In the world of gaming there are many mascots, ranging from Italian plumbers to blue hedgehogs wearing sneakers. One of gaming’s biggest mascots is none other than Pac-Man, a big round yellow blob who enjoys eating dots and floating fruits.
Despite this unbelievably weird premise Pac-Man was still quite successful when it first came out in the arcades back in the 80’s. Namco, building on this success, released sequels to the arcade success, and periodically releasing console ports for those games as well.
Namco then decided however that it wanted to go further with the Pac-Man license. So, in 1999, Namco released Pac-Man World. Pac-Man World broke the stereotype that all next-generation updates of old games are bad with 2D platforming gameplay to die for. Now, Namco has sought out to update Pac-Man to the 3D realm with Pac-Man World 2, a sequel to the 1999 game. Unfortunately though, Namco has dropped the ball on this title, as it is no where as good as the 1999 original.
The game’s plotline is rather simple. Those mischievous Pac-Man-hating ghosts are up to their shenanigans again, releasing an evil monster across Pac-Land. In order to defeat this evil monster, you will have to collect numerous fruits across the land, and interact with other characters like Handy-Pac, Professor Pac, and Sir Pac-A-Lot (am I the only one who sees the vulgarity in that name?)
While the plot is pretty weak, it doesn’t hurt the game too much. What does hurt the game though is its mediocre gameplay. PMW2’s first problem lies in its design. Given that PMW2 is 3D, you’d think the developers would take the power of the Xbox seriously, and make some wide-open levels. Instead, the game is more linear than it is wide-open, almost always having you walk down a single path.
Now games linear in nature aren’t necessarily bad, after all, Final Fantasy X was a pretty linear game and it was awesome. No, what hurts PMW2 so much is the game’s bad execution. The levels rarely meander from hopping over gaps and bashing enemies, and the few things Namco did inject to spice things up (Trampolines, moving platforms, etc.) feel sloppily implemented.
Another thing the game does wrong is that it follows the oh-so-overused scavenger hunt gameplay as well. Throughout each level, PMW2 bombards you at great length with collectable fruits, tokens, and other collectable things. These gathering items are so plentiful though, that it is nearly impossible to collect them all, so people who do go after them all will ultimately get very frustrated.
All these things don’t hold a candle though to the game’s unbelievably terrible camera.
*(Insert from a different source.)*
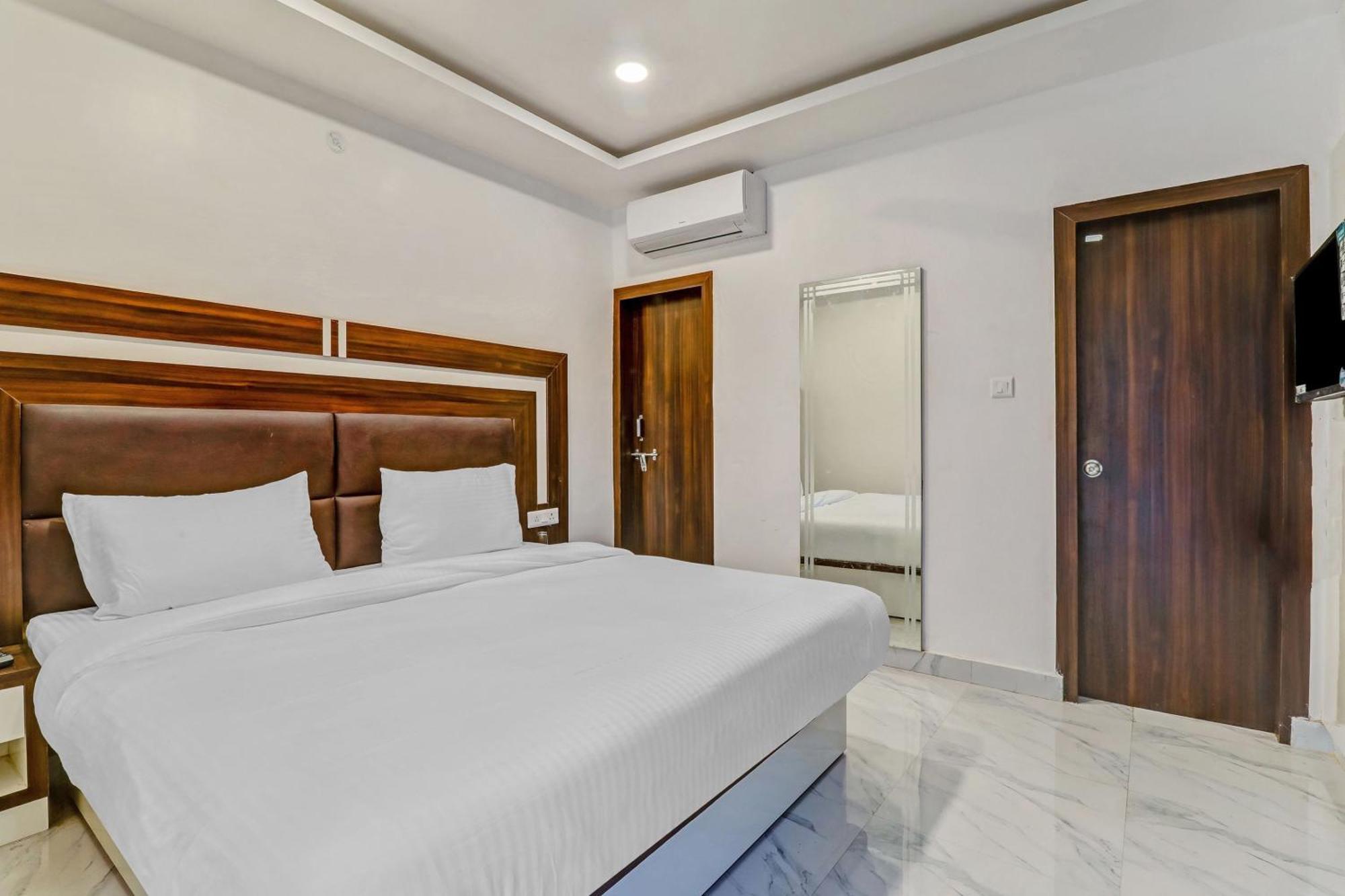 Super Collection O Yamuna Palace Near Gomti Riverfront Park Hasanganj Exterior photo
Constantly throughout the game, the camera will do everything bad that a camera can do. Getting stuck behind walls, giving you bad angles on jumps, switching camera angles wildly when you do something…all are here and in their full flawed glory. Ugh. Why Namco? Why?
The game also features an arcade where you can open up old Pac-Man games as you go along. This is somewhat cool, as it offers old-school gamers something to play, although it will probably bore people who started playing video games after Pac-Man’s heyday.
Even though Namco did botch the gameplay side of PMW2, they must be praised for the game’s controls. Each action of the game is easy to do with the game’s controls, and the actions on screen happen very quickly after you hit the corresponding button. The game also does a good job of explaining the controls at the beginning of the game through the first level.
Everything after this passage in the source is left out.